→ **WORK REQUEST**: Look through the data below and output, unchanged, every line from the one holding "Fashion Lace Bow" through the one holding "America Expands crossword", inclusive. Skip the pictures.

→ **DATA SECTION**:
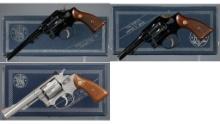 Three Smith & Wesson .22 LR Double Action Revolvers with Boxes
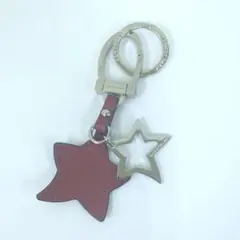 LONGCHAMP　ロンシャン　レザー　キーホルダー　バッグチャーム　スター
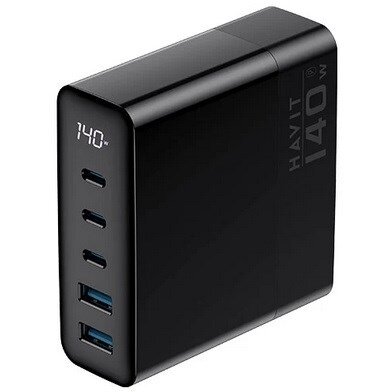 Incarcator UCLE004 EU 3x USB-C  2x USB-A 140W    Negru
--
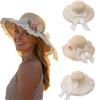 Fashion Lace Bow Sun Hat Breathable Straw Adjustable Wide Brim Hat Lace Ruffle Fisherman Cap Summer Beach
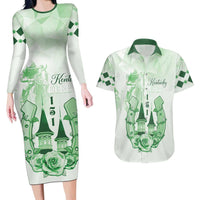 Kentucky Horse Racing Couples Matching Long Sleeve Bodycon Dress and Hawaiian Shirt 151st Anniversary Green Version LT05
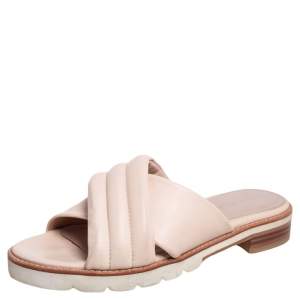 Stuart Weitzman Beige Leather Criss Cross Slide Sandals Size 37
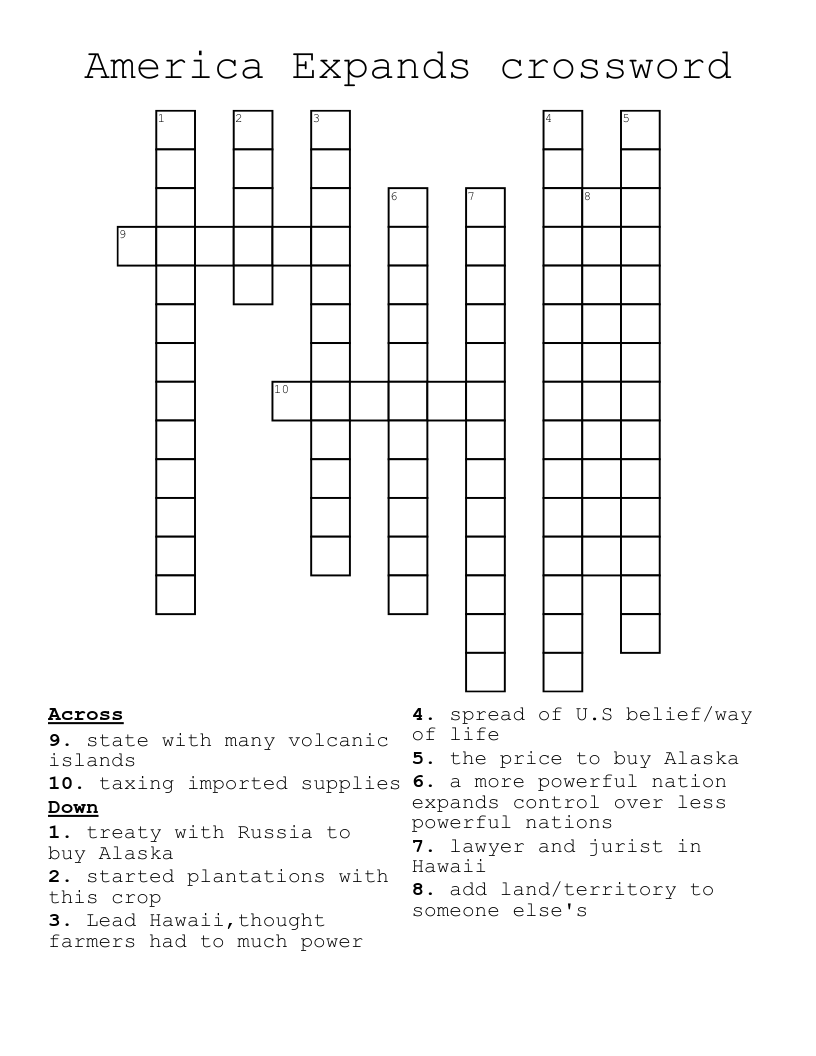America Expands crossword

→ **YOUR RESPONSE**:
 Fashion Lace Bow Sun Hat Breathable Straw Adjustable Wide Brim Hat Lace Ruffle Fisherman Cap Summer Beach
 Kentucky Horse Racing Couples Matching Long Sleeve Bodycon Dress and Hawaiian Shirt 151st Anniversary Green Version LT05
 Stuart Weitzman Beige Leather Criss Cross Slide Sandals Size 37
America Expands crossword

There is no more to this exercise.